**EXERCISE REQUIREMENTS**
Leave out the pictures and retype, exactly, the lines below from the line with "Kitchen from standing in the Breakfast area." up to and including the line with "Đồ chơi hậu", nothing more.

**DATA TO USE**
++++
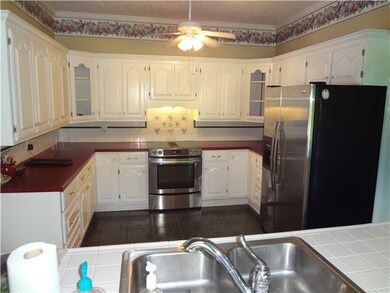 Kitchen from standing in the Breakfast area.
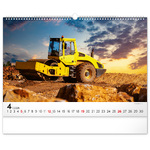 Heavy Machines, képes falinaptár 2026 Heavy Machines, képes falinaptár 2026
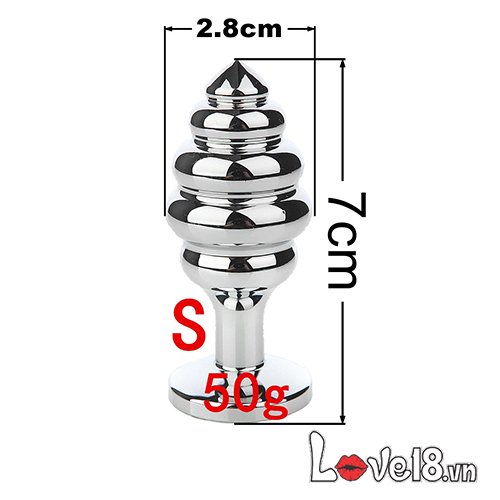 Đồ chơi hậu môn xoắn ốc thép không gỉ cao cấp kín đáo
++++
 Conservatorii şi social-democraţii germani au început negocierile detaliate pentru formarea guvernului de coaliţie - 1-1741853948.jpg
++++
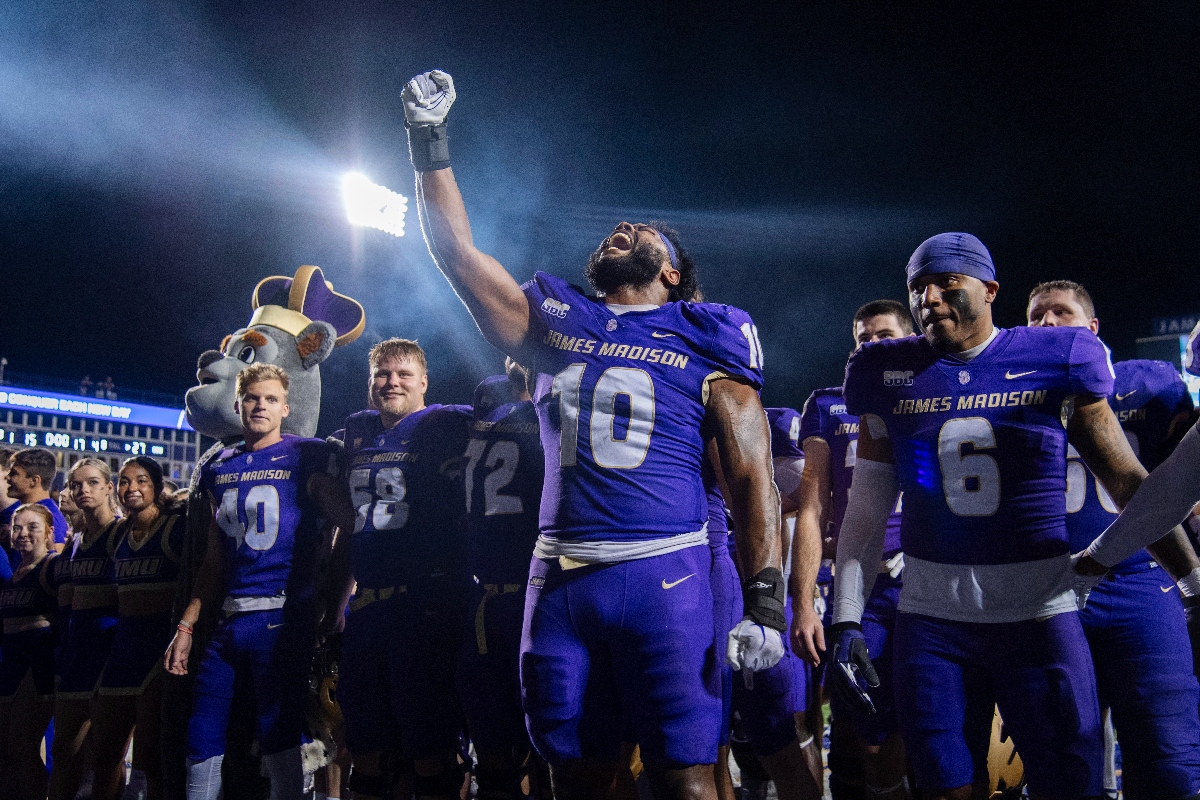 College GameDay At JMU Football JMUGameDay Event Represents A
++++
**WORKED SOLUTION**
 Kitchen from standing in the Breakfast area.
 Heavy Machines, képes falinaptár 2026 Heavy Machines, képes falinaptár 2026
 Đồ chơi hậu môn xoắn ốc thép không gỉ cao cấp kín đáo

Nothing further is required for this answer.